Democratic Rep. Raja Krishnamoorthi, another stock ban advocate, told Insider that his constituents are "bewildered by the lack of action on this issue" but also pointed to the "challenge" posed by the dwindling number of weeks left in the current session.
"The calendar is kind of short right now," he said.
Meanwhile, there's little indication that anyone else in House Democratic leadership is interested in moving legislation.
House Speaker Nancy Pelosi's office did not respond to Insider's request for comment, while Peter Whippy, spokesman for the Committee on House Administration, told Insider in an email that the committee didn't "have any comment or update on this right now."
House leaders could still put their stock-ban bill up for a vote.
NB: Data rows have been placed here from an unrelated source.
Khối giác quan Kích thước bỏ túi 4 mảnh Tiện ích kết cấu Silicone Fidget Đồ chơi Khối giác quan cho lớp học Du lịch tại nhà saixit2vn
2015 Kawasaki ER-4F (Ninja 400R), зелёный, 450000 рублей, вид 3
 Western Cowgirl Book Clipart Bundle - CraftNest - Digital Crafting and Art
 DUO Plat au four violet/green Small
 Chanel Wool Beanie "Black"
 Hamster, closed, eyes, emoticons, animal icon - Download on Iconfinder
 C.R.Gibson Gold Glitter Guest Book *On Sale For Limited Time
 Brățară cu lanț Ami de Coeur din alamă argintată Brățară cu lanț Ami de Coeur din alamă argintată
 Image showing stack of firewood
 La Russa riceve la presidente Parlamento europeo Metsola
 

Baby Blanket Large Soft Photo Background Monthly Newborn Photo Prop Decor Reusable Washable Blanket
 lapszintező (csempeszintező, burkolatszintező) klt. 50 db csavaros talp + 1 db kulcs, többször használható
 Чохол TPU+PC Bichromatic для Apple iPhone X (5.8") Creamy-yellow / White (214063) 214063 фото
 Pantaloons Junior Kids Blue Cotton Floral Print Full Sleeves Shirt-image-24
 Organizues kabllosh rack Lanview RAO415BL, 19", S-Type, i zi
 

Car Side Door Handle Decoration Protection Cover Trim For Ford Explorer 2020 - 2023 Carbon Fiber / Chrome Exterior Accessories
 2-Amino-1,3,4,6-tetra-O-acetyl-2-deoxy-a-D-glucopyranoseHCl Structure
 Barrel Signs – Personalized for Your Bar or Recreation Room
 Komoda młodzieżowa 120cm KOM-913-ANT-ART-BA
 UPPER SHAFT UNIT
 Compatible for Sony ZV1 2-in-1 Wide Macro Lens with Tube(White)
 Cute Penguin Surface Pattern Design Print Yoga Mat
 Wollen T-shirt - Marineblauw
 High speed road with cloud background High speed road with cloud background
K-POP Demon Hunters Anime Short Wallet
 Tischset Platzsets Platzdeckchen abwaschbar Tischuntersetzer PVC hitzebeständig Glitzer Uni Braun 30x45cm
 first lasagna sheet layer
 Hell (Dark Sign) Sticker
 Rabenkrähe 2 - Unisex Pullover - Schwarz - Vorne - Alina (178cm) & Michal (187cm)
And prior ethics reforms — including requiring senators to file their personal financial disclosures digitally — have been included in larger bills before, and there's always the possibility that lawmakers could slip a stock-ban provision into another piece of last-minute legislation.
But Spanberger's comments signaled an unwillingness to potentially jeopardize must-pass legislation.
"The number one priority that I think should be our point of attention, from a responsible government standpoint, is ideally funding the government by December 16," she said. "I don't want even the threat of a potential shutdown."
In the Senate, Democratic Sen. Elizabeth Warren of Massachusetts told Insider that it was "not yet" time to declare the effort dead, pointing to ongoing discussions. But she, too, alluded to a winding-down calendar jam-packed with other priorities.
"There's a scramble here at the end," she said.
'The clock restarts in January'
Though fair number of Republicans have been even more critical of banning stock trading than Democrats, House Minority Leader Kevin McCarthy has said several times over the course of the last year that he supports banning members of Congress — something his Democratic counterparts have taken note of.
"There is a record of him supporting it in principle," said Spanberger.
But the impending Republican takeover of the House complicates the effort to enact any bill into law. While McCarthy, the Republican most likely to serve as the next House Speaker, has expressed openness to the idea, it's unclear if he would be willing to work with whatever legislation Senate Democrats might propose.
The opposite is also dubious: he told Punchbowl News in October that he was opposed to the bill that House Democratic leadership had introduced.
In the Senate, talks could theoretically continue into the new Congress — Democrats will retain the majority, and have even gained a new vocal supporter of banning stock trading in Congress with the election of Democrat John Fetterman of Pennsylvania.
And Democratic Rep. Hakeem Jeffries of New York, who was just elected as House Democrats' new leader, has said he is supportive of the idea.
"I support a stock ban for members of Congress," he told reporters in September.
Both Spanberger and Krishnamoorthi said they were hopeful the issue could be an area of bipartisan consensus in the new Congress, pointing to the sizable number of Republicans who have co-sponsored their respective bills.
"This is one of those areas where I do think there could be bipartisan progress," said Krishnamoorthi.
"I mean, compare this to a year ago when there was zero action, and nobody was even talking about bringing this to a vote," he added. "We've come some distance, but we have a long way to go."
Spanberger said she would continue to work with her Republican co-sponsor, Rep. Chip Roy of Texas, to add more co-sponsors to her bill as well.
But when asked if House Democratic leadership had successfully "run out the clock" on the legislation — an accusation she first lobbed in May — Spanberger laughed, putting an optimistic spin on it.
"And the clock restarts in January," she said.